I plodded my way through this one - I enjoyed the writing style, but the content was fairly mundane. mainly I felt as though I was reading Rabbit Redux Redux, meaning that this book reeked of Updike rewritten with a more educated narrator (it even shared the present tense writing). I thought that while the observations made by the narrator in his running commentary of the countryside were great, the dialogue was terrible: it was the same "diagonal stance" speech of DeLillo's characters' only without sharp wit. I found Vickie, in particular, a joke of a character and an annoyance to read; the main character's wife, X, was not much better. Clearly the characters took precedent over the plot here, but I found the characters pretty drab.

The narrator is alternatingly praised and condemned by critics for his dreamy, "Everything's okay" approach. The running commentary he provides, and his constant "I'm a sportswriter" banter, wore thin for me. He does little to nothing to redeem much of anything through the novel, and in the end seems to more or less run away - Frank Run - taking a dream outside of a dream. More annoying than anything - Frank is a pretty ho-hum character, an older divorcee who is slumbering through life, and yet he is having sex with everything that moves in this book, picking up ladies left and right like nothing. Eh? The effortlessness with which he pulled this off just struck me as dumb. I recognize the "good writing" here, but as I said, the content was a gigantic waste for me. And i like lumbering slow novels!

Movies

Word Play (2006): 75

Very entertaining portrait of supreme nerddom. Beck and I now do the crossword every day, so you know it was pretty good.

The Bank Job (2008): 70

Better than you thought - classic heist movie with a great historical back story from 1970s Britain. Recommend it thoroughly!
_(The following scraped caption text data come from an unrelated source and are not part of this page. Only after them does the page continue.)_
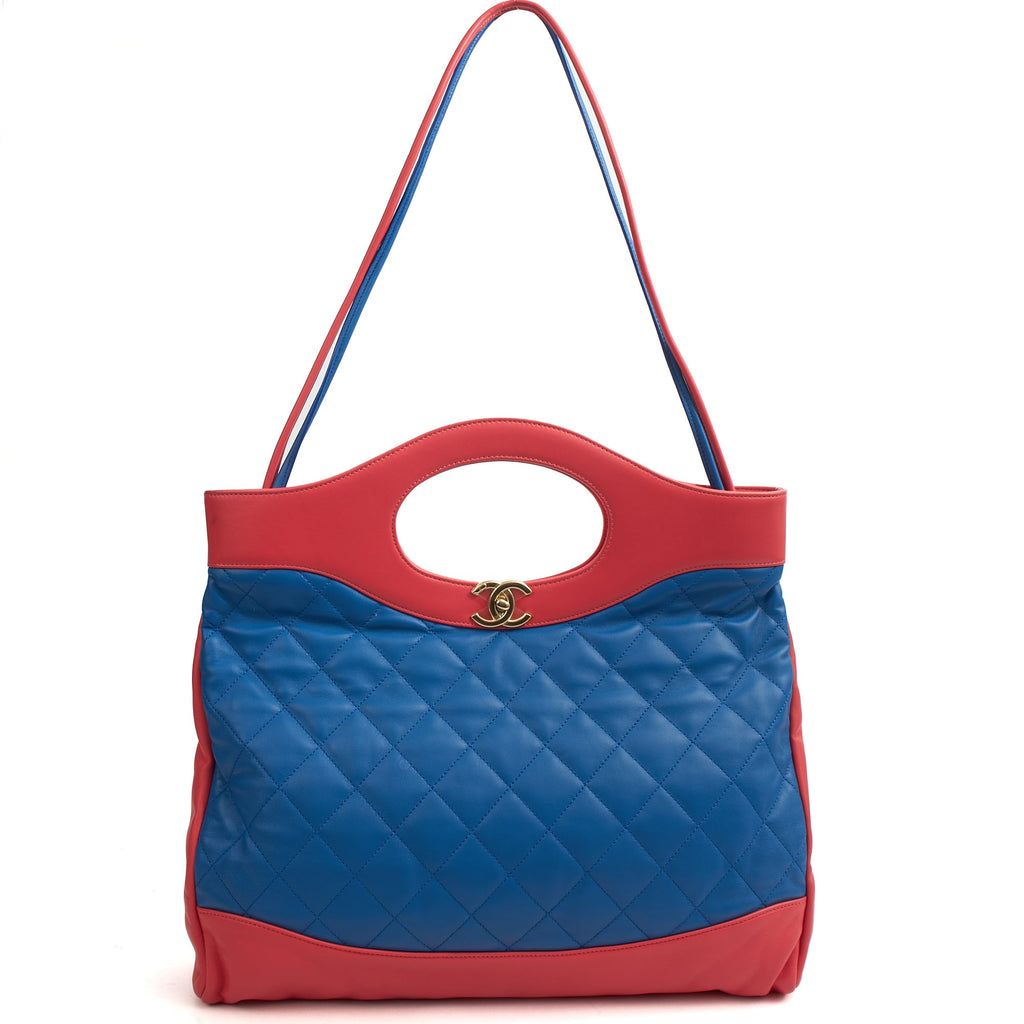 Chanel Tote 31 Large Shopping Tote in Pink, Calfskin Leather — Detail View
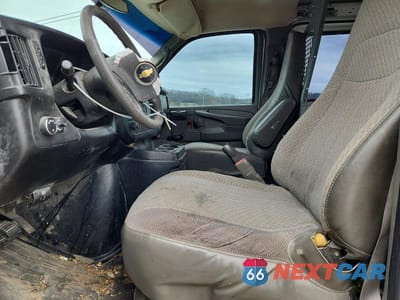 Zdjęcie 7 z 12 samochodu: 2013 CHEVROLET EXPRESS G2500 VIN:1GCWGFBA6D1103258 - miniatura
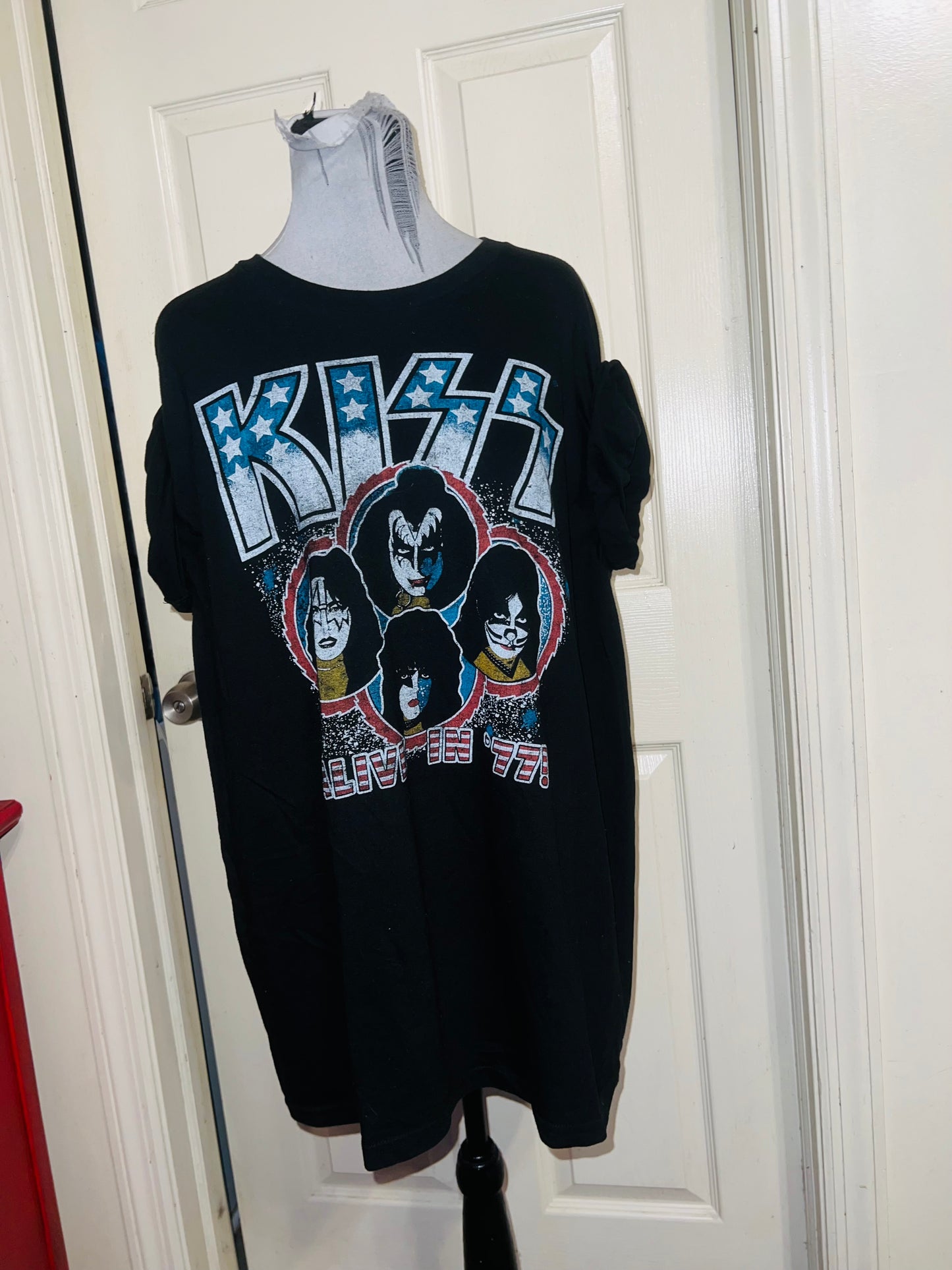 KISS Oversized Distressed Tee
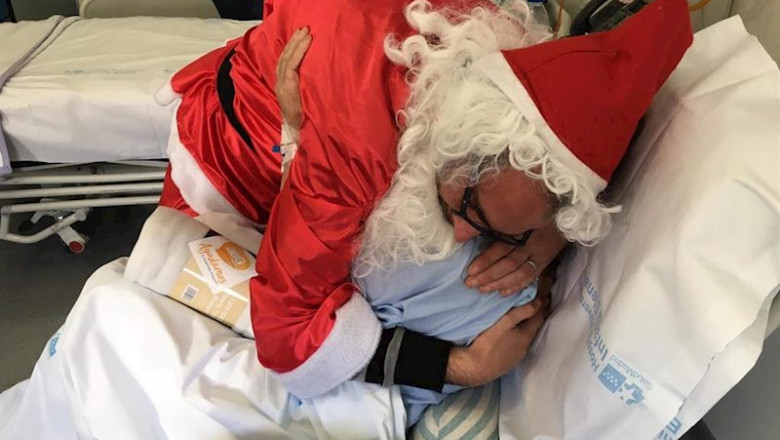 Más de 150 voluntarios entregaron regalos a mayores hospitalizados en la V campaña solidaria 'Ningún Mayor Sin Regalos' | ABG ep mas de 150 voluntarios entregaron regalos a mayores hospitalizados en la v campana solidaria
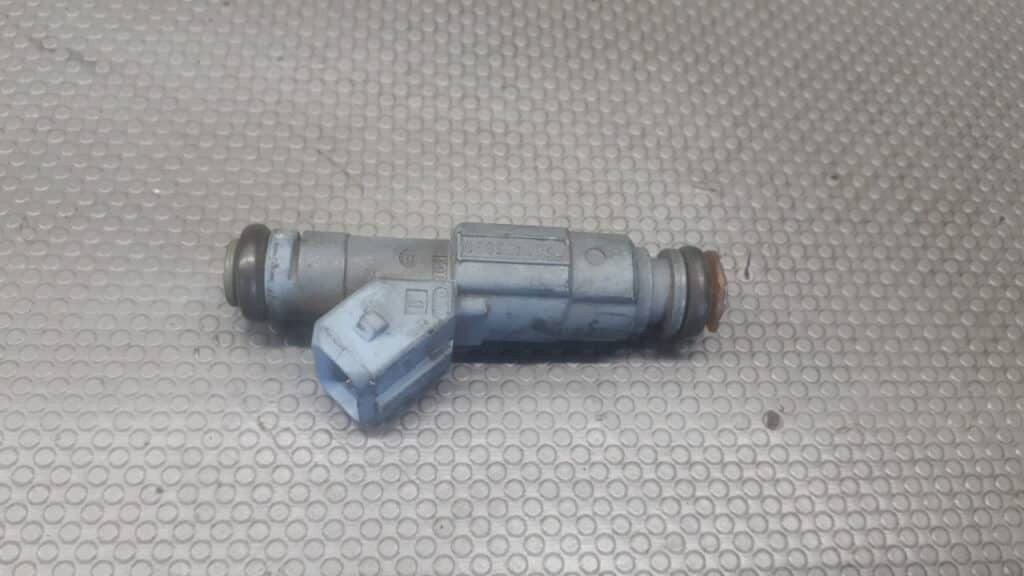 9186060 wtryskiwacz volvo v70 s70 2.3 01r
The Flying Scotsman (2006): 60

Beck checked this out as a plane movie and I ended up watching it at home, mainly because Eli Stone played the bike rider. Cool story; not really the Rocky of cycling, but good enough. I liked their wrenching treatment of the main character's depression.

Baby Momma (2008): 60

Precisely as stupid as you would expect, but still funny. Tina Fey is a goddess, but you already knew that.

Indiana Jones I - IV: 85, 60, 85, 50

Aliens? Seriously? beck and I watched the original trilogy in NC to remind us of why we adore that Indy character. The second movie is better than you remember.

1408 (2007): 25

Seriously stupid Stephen King movie. I enjoyed the set-up, the ridiculous Samuel L. Jackson scene, and I'm a depressed / cynical John Cusack sucker. But wow - drags on forever and just gets stupider as things wind on. And the ending "shocker" is top 10 stupid movie scene material.

Get Smart (2008): 60

I already reviewed this: Hollywood dumb, but Steve Carrell charming. And it included a real life, Calvin-esque plane and truck and train collision. So props for that. I dug it.

The Number 23 (2007): 10

Wait, I though 1408 was bad? After a mildly interesting opening, this thing collapsed under its own inanity. Hmmmm, how about you just sit down and READ THE BOOK in two hours instead of 8 days??!!?! Or note that you DON'T REMEMBER YOUR LIFE before 13 years ago? Just painfully dumb, and I yawned for the last hour-plus. Don't do this.